She’d been assigned to look after a second-string rookie, Calvin Graham. In the wake of Hurricane Katrina, he was being hounded by the press about the Lower 9th Ward neighborhood of New Orleans, where he’d been born and raised. Seeing him floundering, she’d stepped in. Within a week, Calvin Graham was serving as honorary chairman of a relief effort, raising money to help people rebuild. He’d never had much of a career in the NBA but he’d gone on to create a foundation that, to this day, provided low-interest loans to Katrina victims. Kim had found her role incredibly gratifying.

In time, however, she forgot how much she liked her work. Well, not forgot, exactly. The role of mentor got lost as she was assigned to other players. She found herself saying things like “Get your drunk ass out of bed” and “Learn to verify a girl’s age before you sleep with her.” She missed guys like Calvin. She missed the good guys.

“Sounds like a cool job,” Daphne remarked.

“Sometimes, I have to admit, the work was so satisfying. A lot of people with a God-given athletic talent are brilliant to work with. It was my job to smooth the rough edges.”

“How rough?” asked Daphne.

“I worked with guys who were fearless at facing a wall of defensive linebackers out for blood, but who tended to crumble in front of a microphone. I helped them with that part of their career. It went well most of the time. But something happens when you work with people like that. It’s hard to describe. You’re working with clients on a strangely intimate level, even though it’s just a job. I never let things get too personal—until Lloyd.” She shook her head, remembering. “The two of us just clicked—at first, anyway.” She felt again the bittersweet joy of falling for a guy while doing media training with him. It was like a second-rate romantic movie—if she succeeded in grooming him, then that meant losing him, because once he had mastered the art of handling the press, he would move on.

Except that didn’t happen with Lloyd. Her mistake was in letting herself believe it could work out for them. She wouldn’t be that stupid again.




Six


Bo woke up early, shivering from the cold as he groped for his comforter. Then he remembered he’d given it to AJ last night, and that thought caused him to sit up instantly, squinting through the morning light.

There, the lump on the sofa confirmed it. His kid was staying with him. His son. Bo waited to feel … what? Paternal? Not happening. The kid was his flesh and blood, and Bo was going to do everything in his power to reunite AJ with Yolanda. But fatherly feelings eluded him.

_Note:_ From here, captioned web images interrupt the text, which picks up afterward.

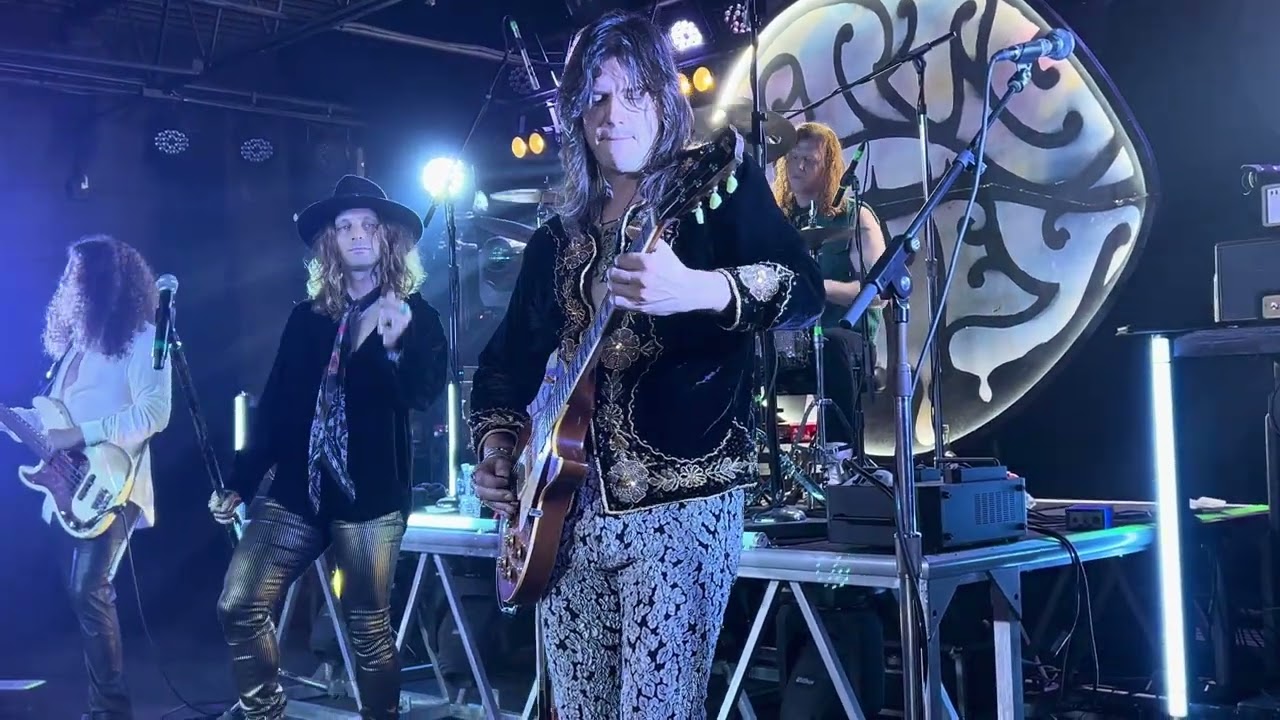 Dirty Honey ‘You Make It All Right’ and ‘Won’t Take Me Alive’ in Flint, MI USA - 5.16.24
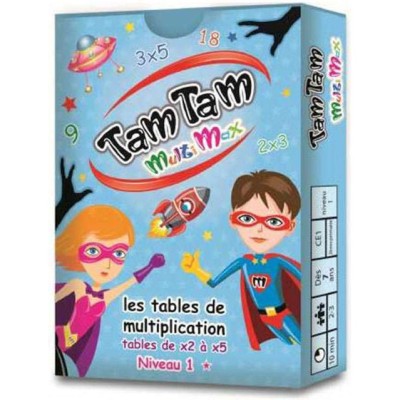 Tam Tam Multimax niveau 1 - Ab Ludis Editions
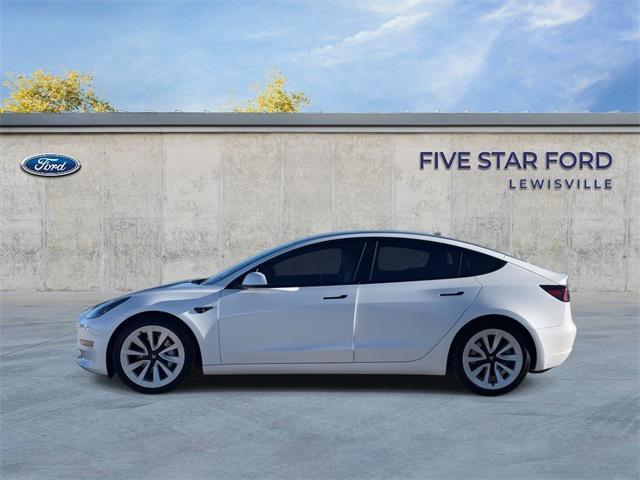 used 2021 Tesla Model 3 car, priced at $24,500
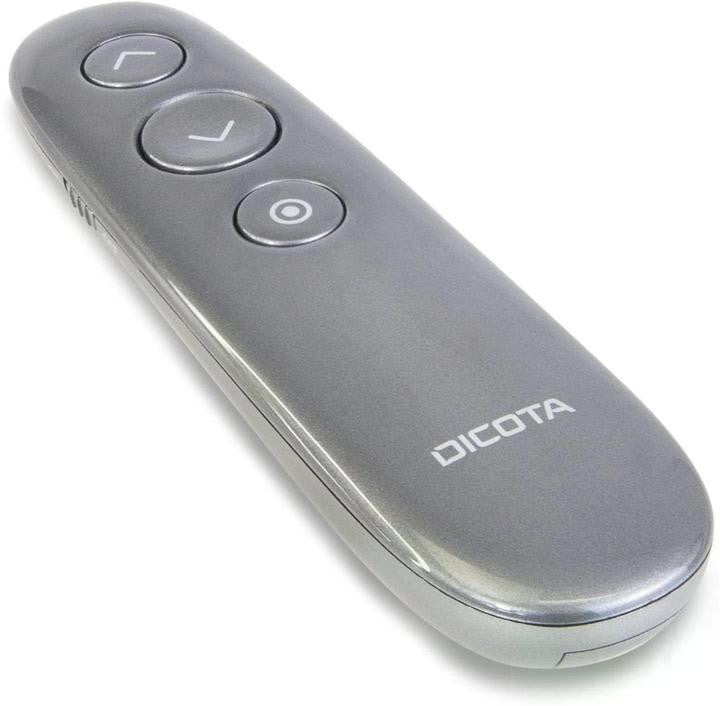 DICOTA Kabelloser Presenter RF Grau D32058 - Compridis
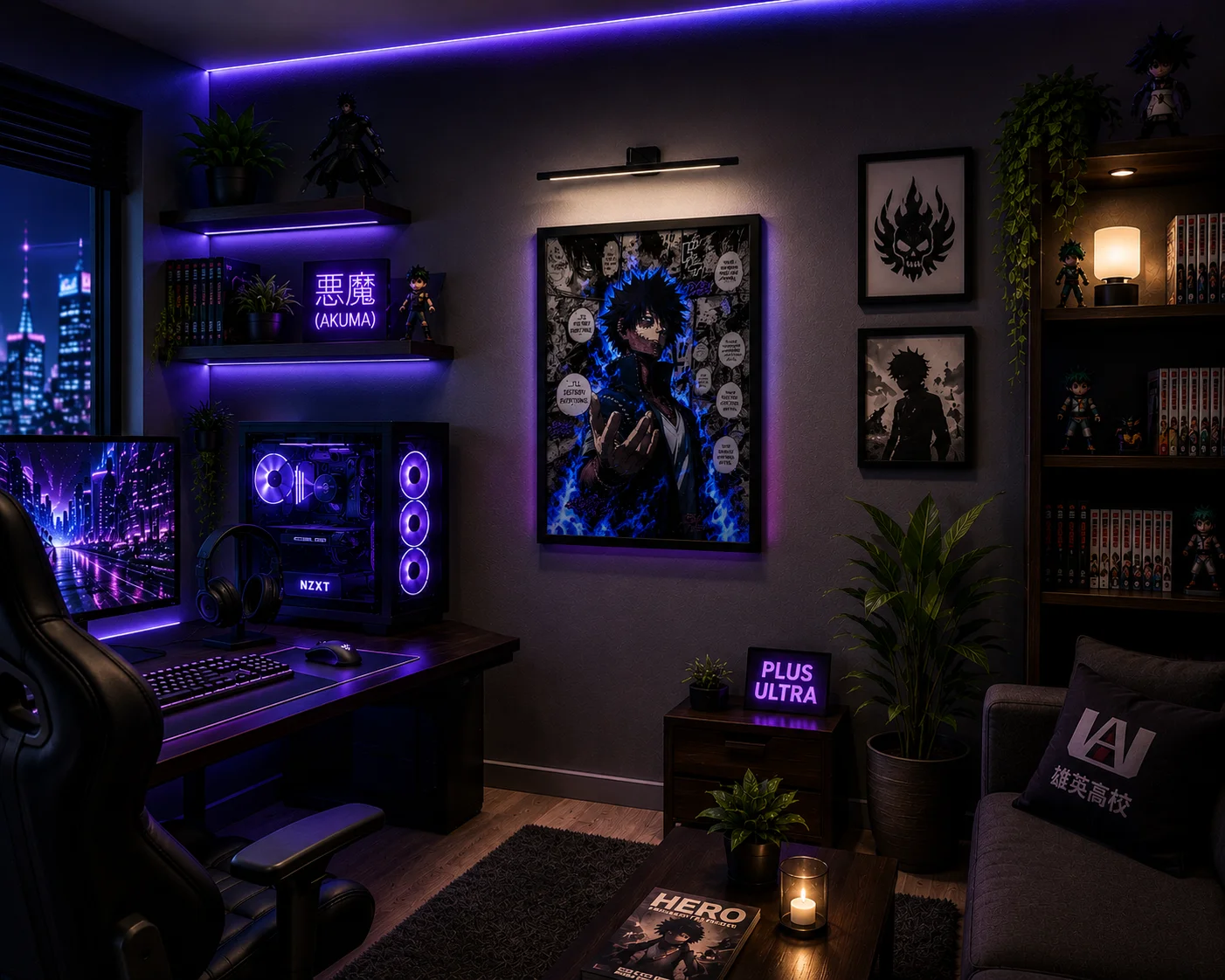 Blue Inferno: Dabi Unleashed product image (2)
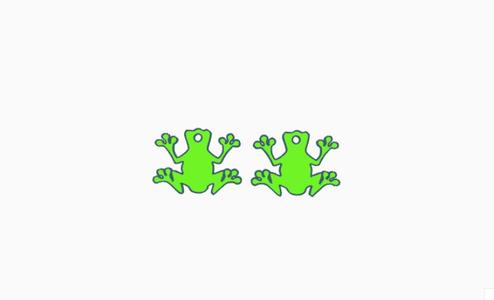 frog earring key ring pendant charm earrings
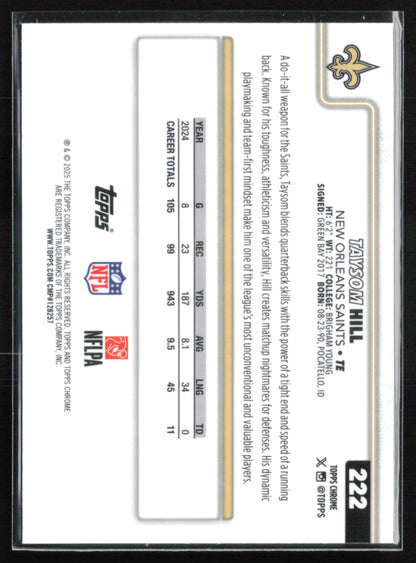 Taysom Hill Pink X-Fractor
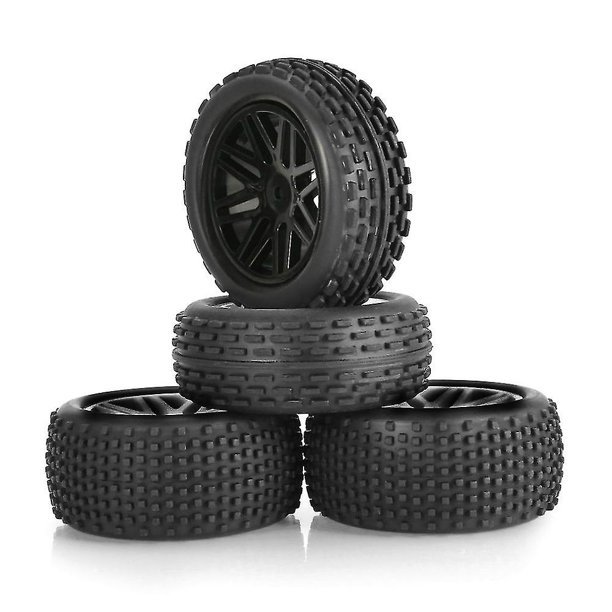 4 neumáticos YONGSHENG 86 mm compatibles con Wltoys 144001 124019 104001 1/10 1/12
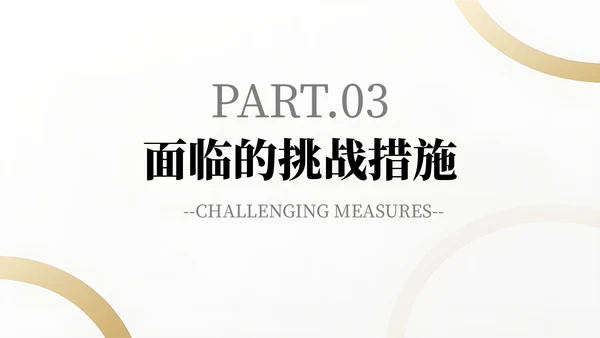 浅金商务工作总结汇报通用PPT模板
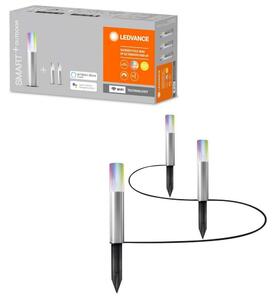 Ledvance - PACK 3x Lampada LED RGB per esterno SMART+ MINI 3xLED/1.9W/230V IP44 Wi-Fi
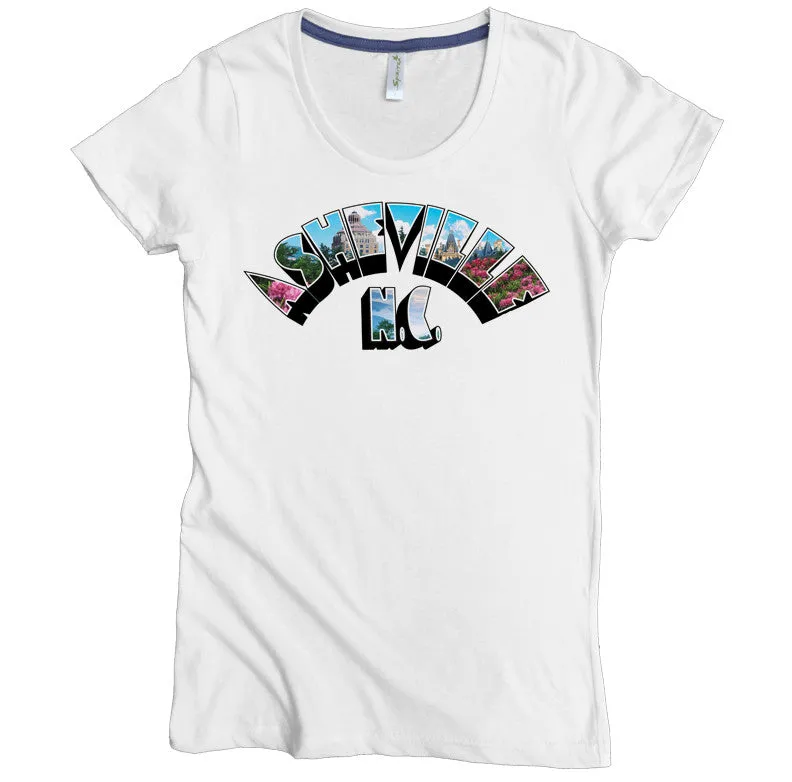 Asheville Art Deco Arch Graphic Tee (W)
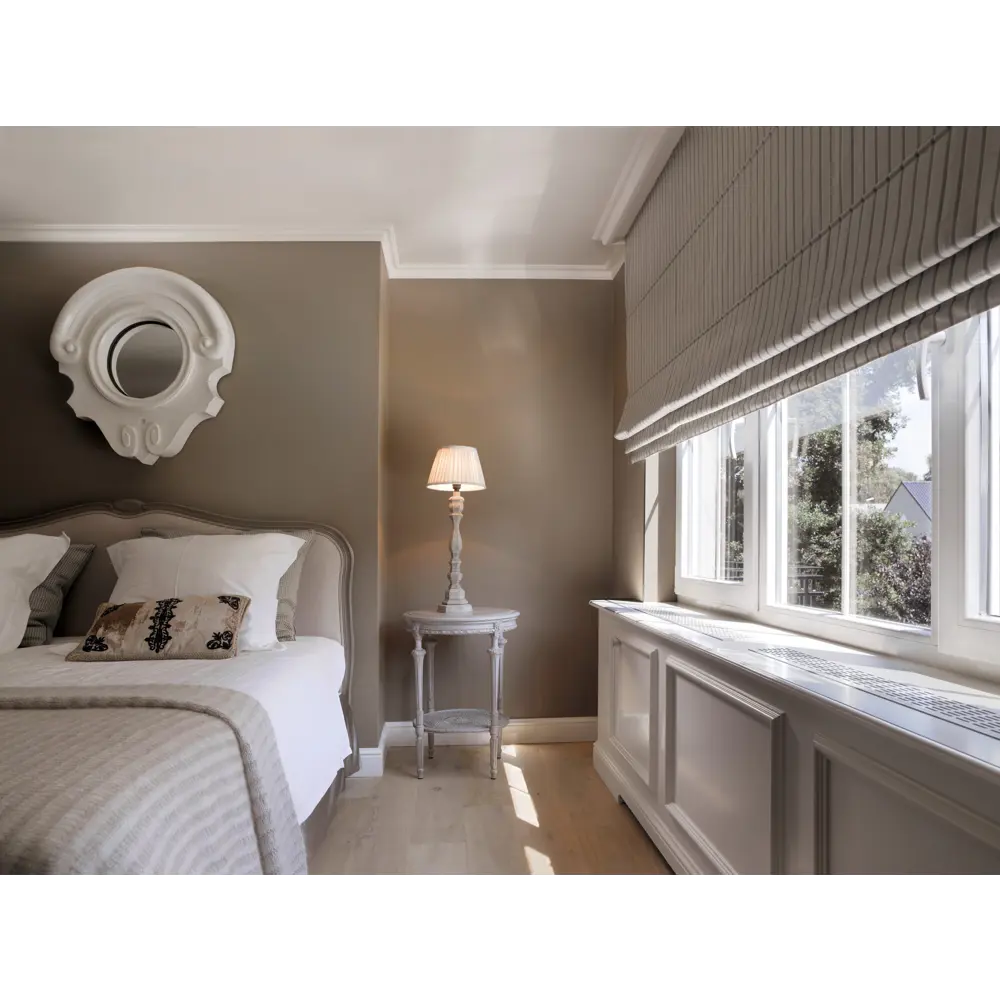 Плинтус потолочный полистирол ударопрочный NMC C1-RU белый 50x50x2000 мм STLM-2172799 - Вид №4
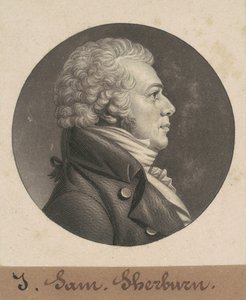 John Samuel Sherburne da Charles B. J. Févret de Saint Mémin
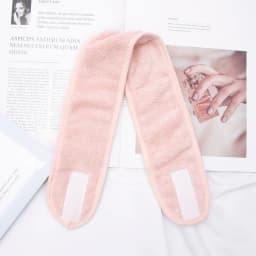 Women Adjustable SPA Facial Headband Bath Makeup Hair Band Headbands for Face Washing Soft Toweling Hair Accessories Shower Cap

He yawned and stretched, tried not to make any noise as he got out of bed and headed for the john. He never got up this early unless he was in training. It was funny, how easy it was to get up in the morning when he hadn’t sucked down a bunch of beers the night before. Well, not funny ha-ha, but funny as in, he might ought to consider doing it more often.

Call me, read a message scribbled on a Post-it note stuck to the bathroom mirror. Chardonnay—and her phone number. The message was punctuated by a lipstick kiss. It was kind of depressing to realize he had actually dated a woman named Chardonnay. That was really all he remembered about her.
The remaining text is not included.